---------- Supplied material
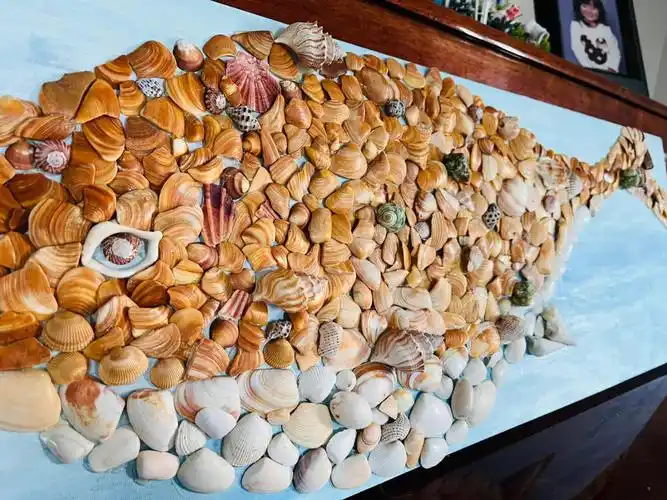小妞的贝壳艺术创作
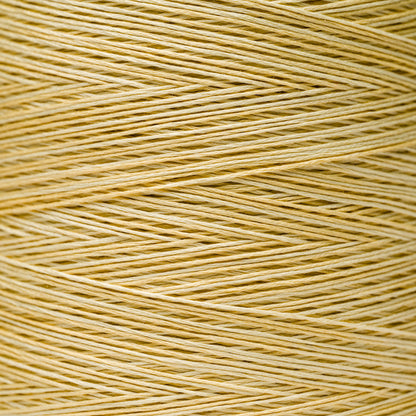 1118 Goldenrod - Weeks Dye Works 6-Strand Floss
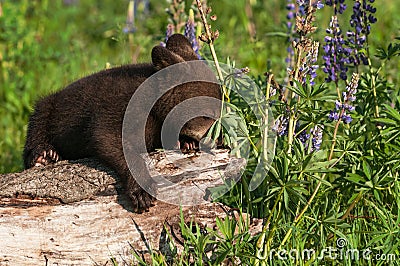 Black Bear Cub Ursus americanus Nose in Lupine Plant Leaves Summer Stock Photo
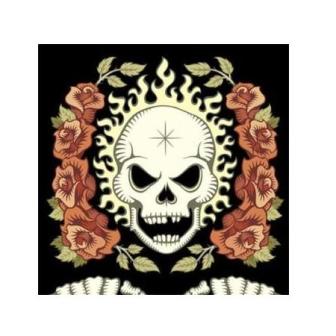 髑髏と薔薇 Skull Roses ボードゲームレビュー
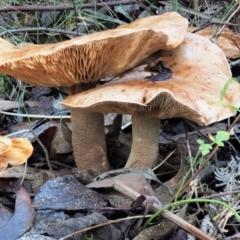 Tricholoma eucalypticum at Cotter River, ACT - 4 Jun 2020 by KenT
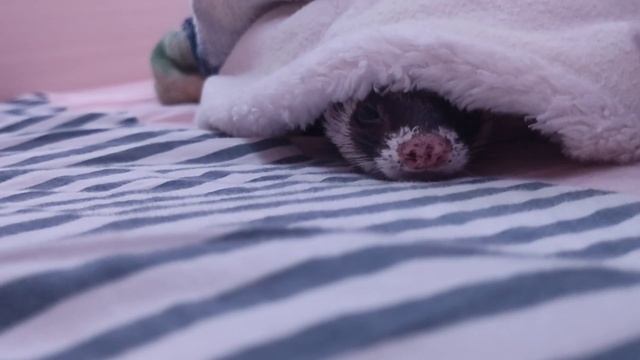 НЕ ЗАВОДИ ХОРЬКА если... Кому не стоит заводить хорька!?!// Snezhana смотреть онлайн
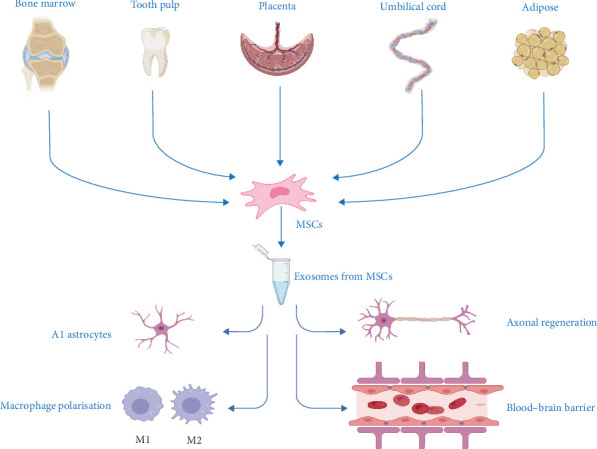 Exosome-Loaded Bioscaffolds for Spinal Cord Injuries: A Review.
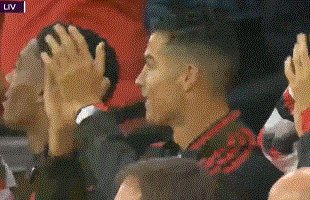 动画 (3490).gif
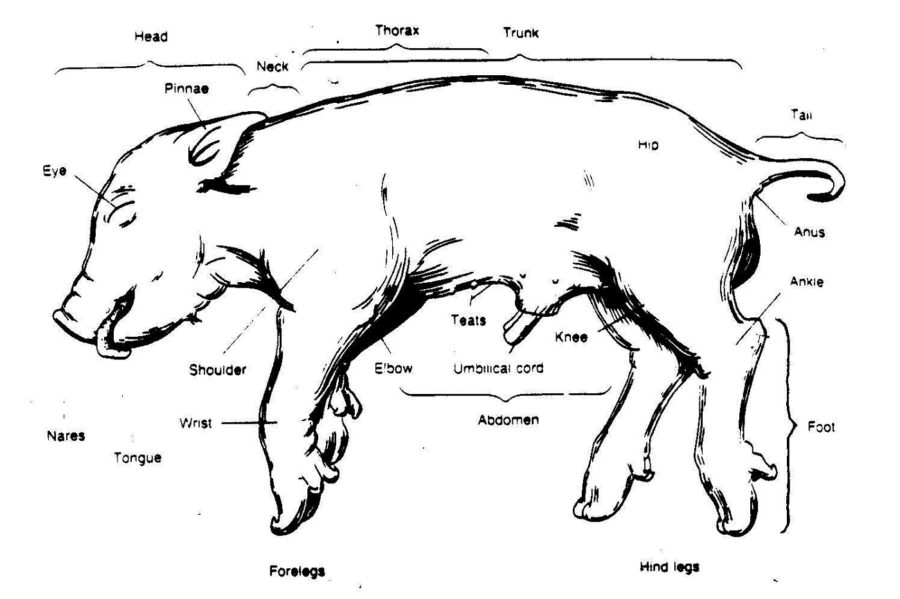 pig diagram labeled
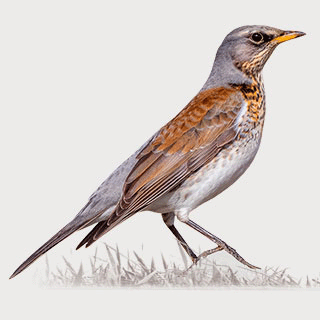 Fieldfare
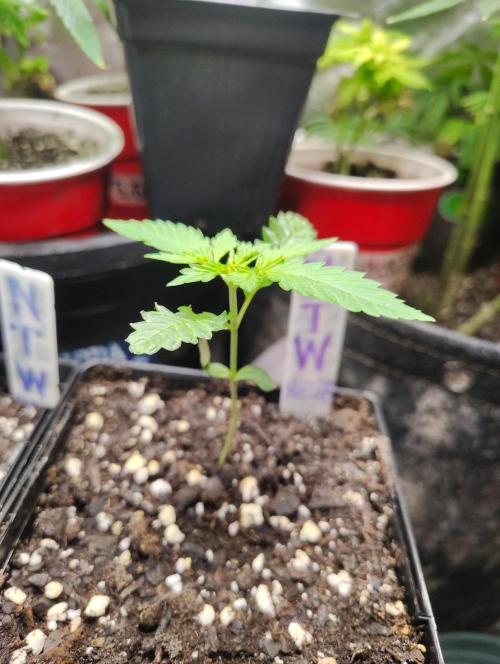 No Training Wheels by TerpFi3nd. Week 1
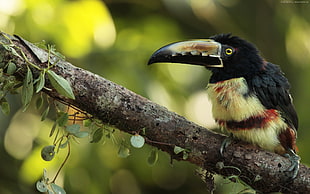 toucan perched on branch HD wallpaper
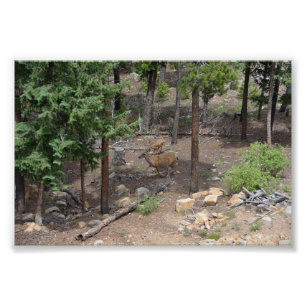 Vrouw Mule Deer en Fawn Foto Afdruk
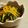 maruru-nn's cooksnap of when they made 春菊と人参の胡麻和え.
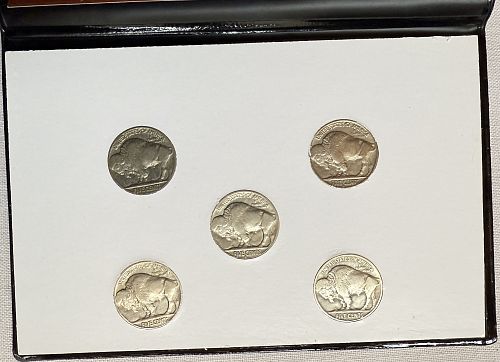 5 Years of Buffalo Head Nickels w/ Certificate of Authenticity 5-Coin Set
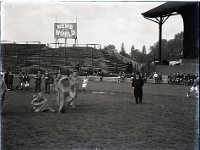 &copyTheCarterTribe.com 2013   Scanned from 1/4 plate (4" x 3") glass negative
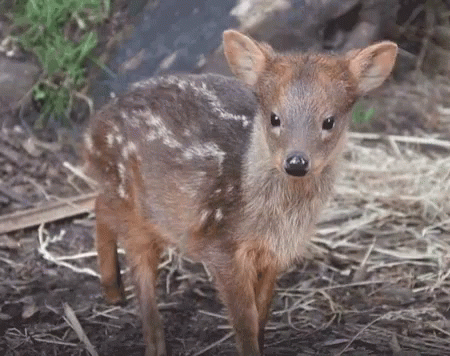 Deer Baby Deer GIF - Deer Baby Deer Ear GIFs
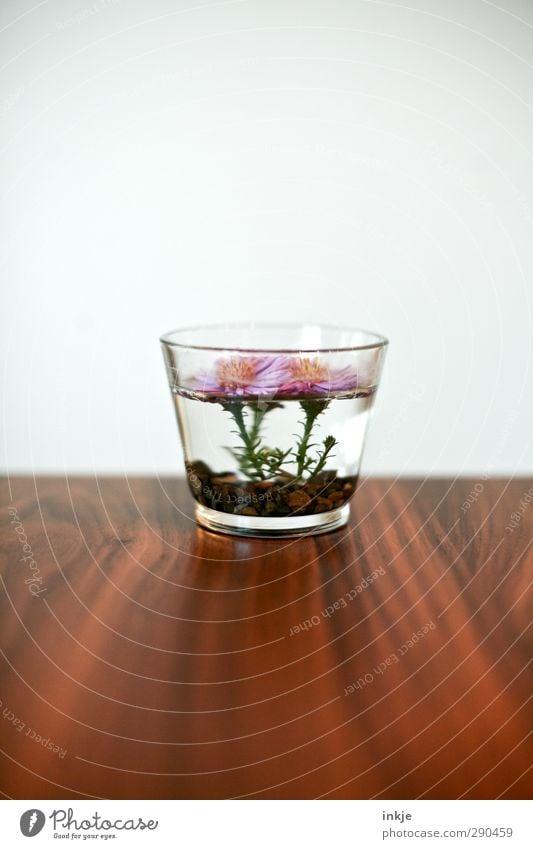 flowering, pink, wet Table Water Decoration Vase glass vase Wood Glass Blossoming Simple Wet Beautiful Brown Pink White Pure Growth Colour photo Interior shot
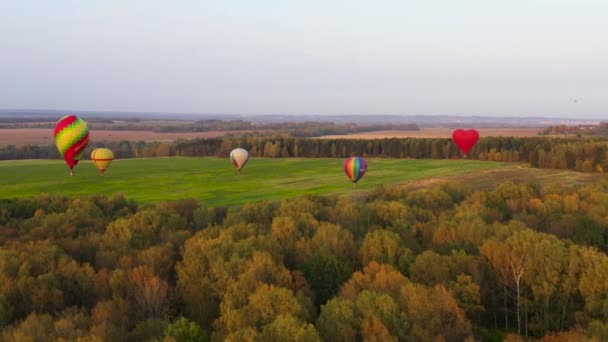 Balony na ogrzane powietrze na niebie o zachodzie słońca. — Wideo stockowe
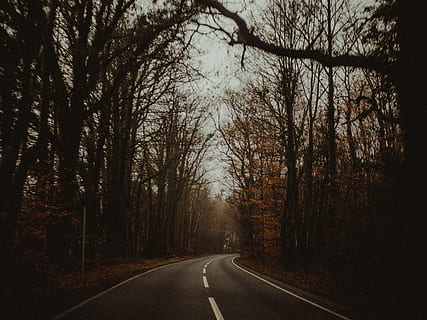 Beton, Straße, Inline-Bäume, Herbst, hinterleuchtet, Kurve, dunkel, Dämmerung, England, Umgebung, fallen, Herbstfarben, Herbstlaub, Wald, Beratung, Reise, Landschaft, Fahrbahn, Nebel, Natur, draußen, Park, Weg, szenisch, Jahreszeit, Bäume, Wetter, Baum, der Weg nach vorn, Richtung, Pflanze, Transport, Ruhe, Symbol, keine Leute, Zeichen, abnehmende Perspektive, Markierung, die Straßenmarkierung, ruhige Szene, Schönheit in der Natur, leere Straße, Land, Fluchtpunkt, Trennlinie, von Bäumen gesäumt, 4K, CC0, gemeinfrei, lizenzfrei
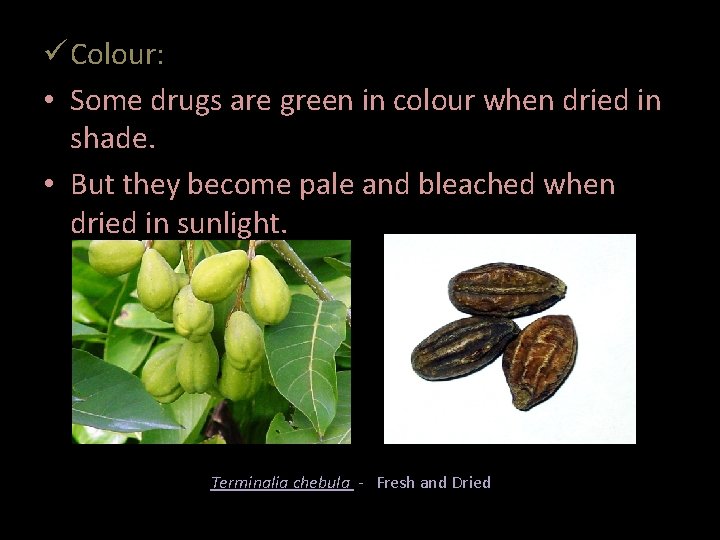  Colour: • Some drugs are green in colour when dried in shade. •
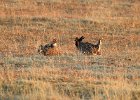 Greater Prairie Chicken (19)
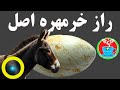 راز فاش شد خرمهره اصل
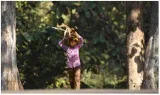Ntca letter on relocation from tiger zones draws ire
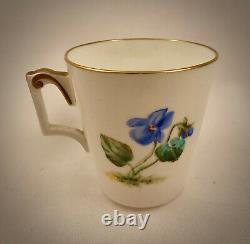 Unique Antique Brownfield Trembleuse Tea Cup & Saucer, Aesthetic Style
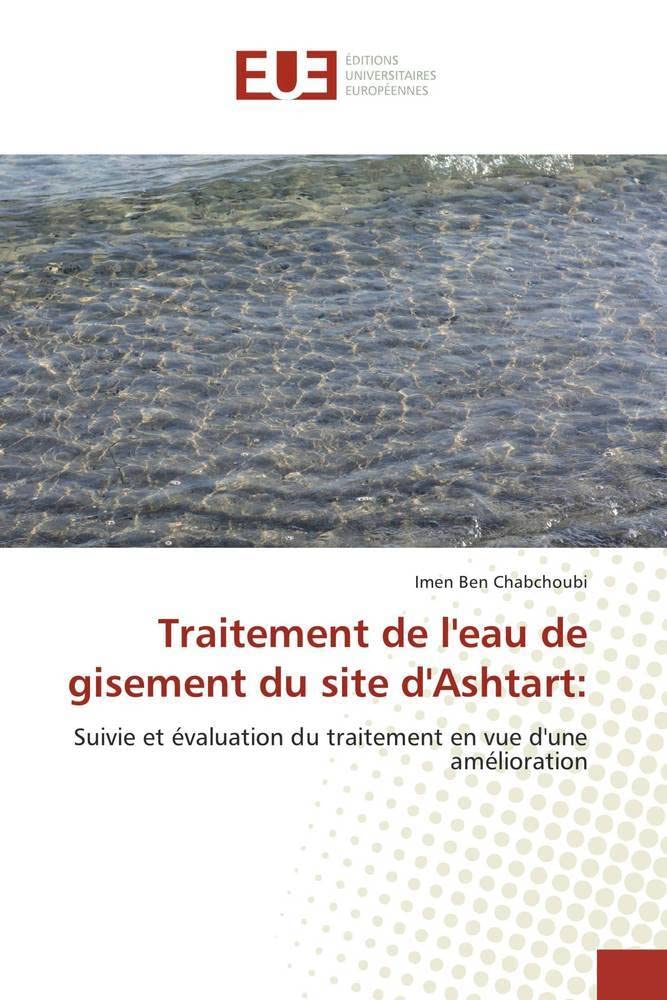 Traitement de l'eau de gisement du site d'Ashtart:: Logiques d'acteurs book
--------------------
◆ What is expected
Reproduce the listing above exactly, without a single picture.

◆ Answer to the problem
小妞的贝壳艺术创作
 1118 Goldenrod - Weeks Dye Works 6-Strand Floss
 Black Bear Cub Ursus americanus Nose in Lupine Plant Leaves Summer Stock Photo
 髑髏と薔薇 Skull Roses ボードゲームレビュー
 Tricholoma eucalypticum at Cotter River, ACT - 4 Jun 2020 by KenT
 НЕ ЗАВОДИ ХОРЬКА если... Кому не стоит заводить хорька!?!// Snezhana смотреть онлайн
 Exosome-Loaded Bioscaffolds for Spinal Cord Injuries: A Review.
 动画 (3490).gif
 pig diagram labeled
 Fieldfare
 No Training Wheels by TerpFi3nd. Week 1
 toucan perched on branch HD wallpaper
 Vrouw Mule Deer en Fawn Foto Afdruk
 maruru-nn's cooksnap of when they made 春菊と人参の胡麻和え.
 5 Years of Buffalo Head Nickels w/ Certificate of Authenticity 5-Coin Set
 &copyTheCarterTribe.com 2013   Scanned from 1/4 plate (4" x 3") glass negative
 Deer Baby Deer GIF - Deer Baby Deer Ear GIFs
 flowering, pink, wet Table Water Decoration Vase glass vase Wood Glass Blossoming Simple Wet Beautiful Brown Pink White Pure Growth Colour photo Interior shot
 Balony na ogrzane powietrze na niebie o zachodzie słońca. — Wideo stockowe
 Beton, Straße, Inline-Bäume, Herbst, hinterleuchtet, Kurve, dunkel, Dämmerung, England, Umgebung, fallen, Herbstfarben, Herbstlaub, Wald, Beratung, Reise, Landschaft, Fahrbahn, Nebel, Natur, draußen, Park, Weg, szenisch, Jahreszeit, Bäume, Wetter, Baum, der Weg nach vorn, Richtung, Pflanze, Transport, Ruhe, Symbol, keine Leute, Zeichen, abnehmende Perspektive, Markierung, die Straßenmarkierung, ruhige Szene, Schönheit in der Natur, leere Straße, Land, Fluchtpunkt, Trennlinie, von Bäumen gesäumt, 4K, CC0, gemeinfrei, lizenzfrei
  Colour: • Some drugs are green in colour when dried in shade. •
 Greater Prairie Chicken (19)
 راز فاش شد خرمهره اصل
Ntca letter on relocation from tiger zones draws ire
 Unique Antique Brownfield Trembleuse Tea Cup & Saucer, Aesthetic Style
 Traitement de l'eau de gisement du site d'Ashtart:: Logiques d'acteurs book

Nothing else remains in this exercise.